If you want to take part, you go to the Black Lace web site and fill in the questionnaire. Or try to. It's not easy to find, and when you do get to the right page it says 'reader questionnaire to follow soon'. Little right hand/left hand problem here one feels, but never mind. You get the general idea. (Original link from booktrade.info).
Of course it would be wholly inappropriate for any gentlemen of a mischievous turn of mind to invent a female persona and sign up in her name, so to speak. That would distort the whole thing, and introduce a bias into the findings which would deeply distress all seekers after the truth. So don't even think of it. Heh heh heh.
Maud Newton found an article which introduced me to some hitherto unknown rules of English grammar. And I bet you don't know them either.
Mike Palacek has a fictional vision of a near-future world in which neo fascists can stick you in jail for being in the wrong place at the wrong time. Totally incredible, as I'm sure you will agree; couldn't possibly happen here. Fiction gone mad.
Meanwhile, on the same general subject of combating terrorism, you might like to read last Sunday's review by Max Hastings of a new book by Professor Hennessy.
Michael Cader of Publishers Lunch draws attention to a rather nauseating post on the Google Book Search blog (cute kid, if you please). But behind this curious way of announcing something lie some key developments in the Google Book Search programme. Cader seems to have tested the system out and is so far not wildly enthusiastic about the actual results. A succinct explanation is available here.
Cader also reports that HarperCollins Publishers' Chief Executive Jane Friedman just didn't understand what The Dangerous Book for Boys meant. It means dollar signs, darling; very simple. Fortunately her sales staff urged her to stick with the title. The book had been a hit in England and Australia, and, in just two weeks, Dangerous has become the breakout hit of the US season. Despite taking out the stuff about cricket.
In the Times, Philip Kogan tells what it's like to run a small academic publishing house. (Hard work. Helps to be a workaholic.)
Over at Galleycat, Ron Hogan beats up some clown from the LA Times who thinks that bloggers are a lower form of life and should have their licence to write confiscated. Give him a kick from me, Ron.
At RazorPages.com, self-published or small-press authors get a chance to sell their books and, er, mingle with their readers. This is not a process that will appeal to everyone, but some will love it. Especially, I suspect, a certain kind of reader. Video, podcasts, and all like that. And there's a reader-driven knockout competition to identify 'the top 100 indie books'.
Word is (via Galleycat) that Rosie de Courcy is joining Random House UK. But she is described as a 'veteran publisher'. This makes me feel old. Bloody hell, I had an interview with Rosie when she was still a teenager, fresh her first triumph of persuading some US paperback firm to pay a ridiculous sum of money for some bodice-ripper (can't remember the details).

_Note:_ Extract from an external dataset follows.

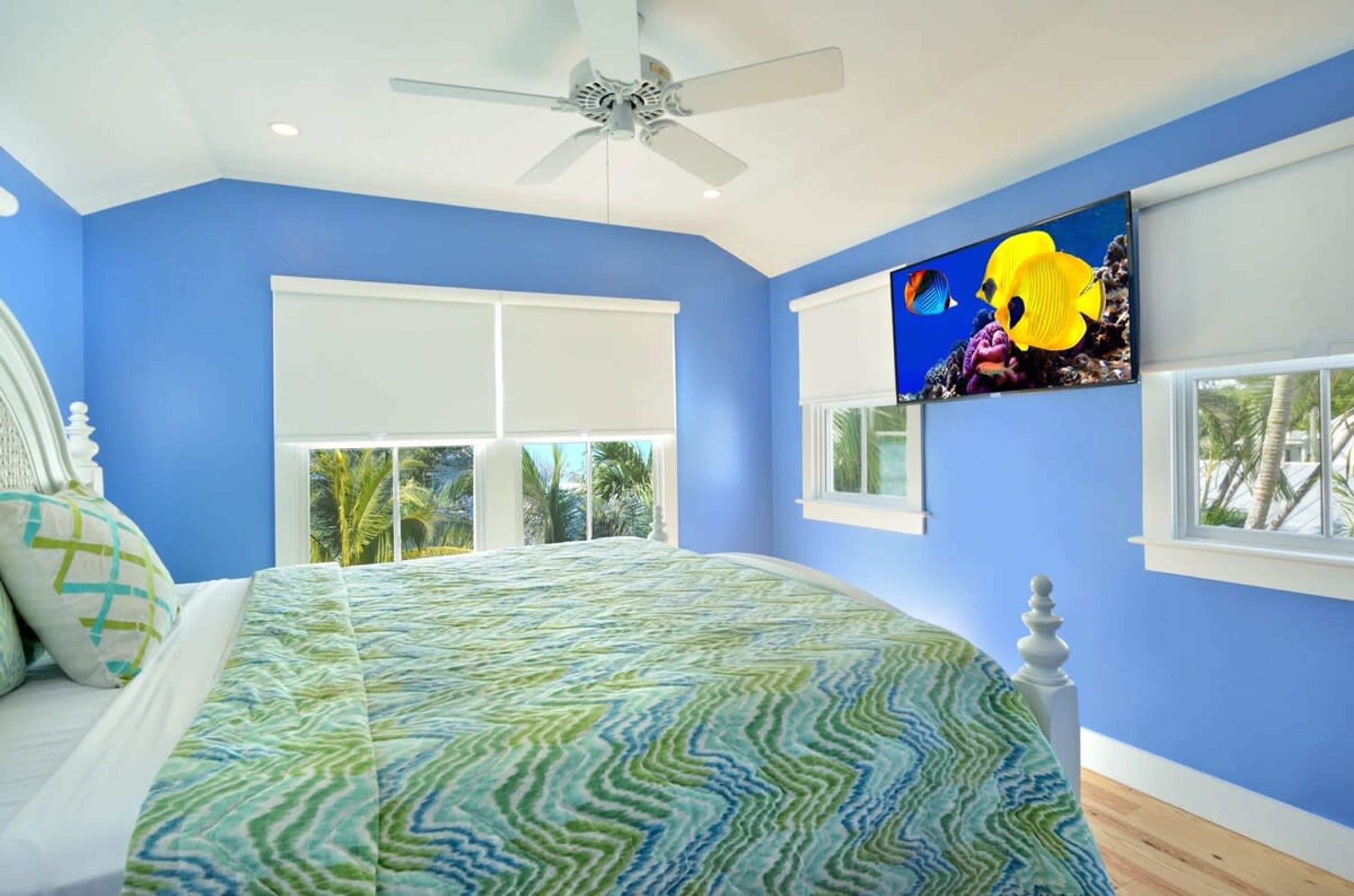 Een slaapkamer met een bed, een plafondventilator, een groot raam en een tv aan de muur.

We got on OK but she didn't buy my book.
... which may be a considerable relief if you've got this far. Bloggers are firmly put in their place by... no. no. Must resist the temptation to say what I really think about this woman, especially after yesterday's piece on libel. But one Sheila Kohler says this:
Occasionally someone may mention my books in a blog. I believe the dangers of this indiscriminate reporting on books is that people who have no knowledge of literature can air their views as though they were of value and may influence readers.(Link from Galleycat.) God forbid, of course, that anyone should ever believe any of the crap that people put on blogs. This brilliant piece of analysis comes, by the way, from a woman who has just hired a publicist, who is, naturally, contacting lots of blogs....
As I have frequently said, the first requirement for working in the book world is a sense of humour.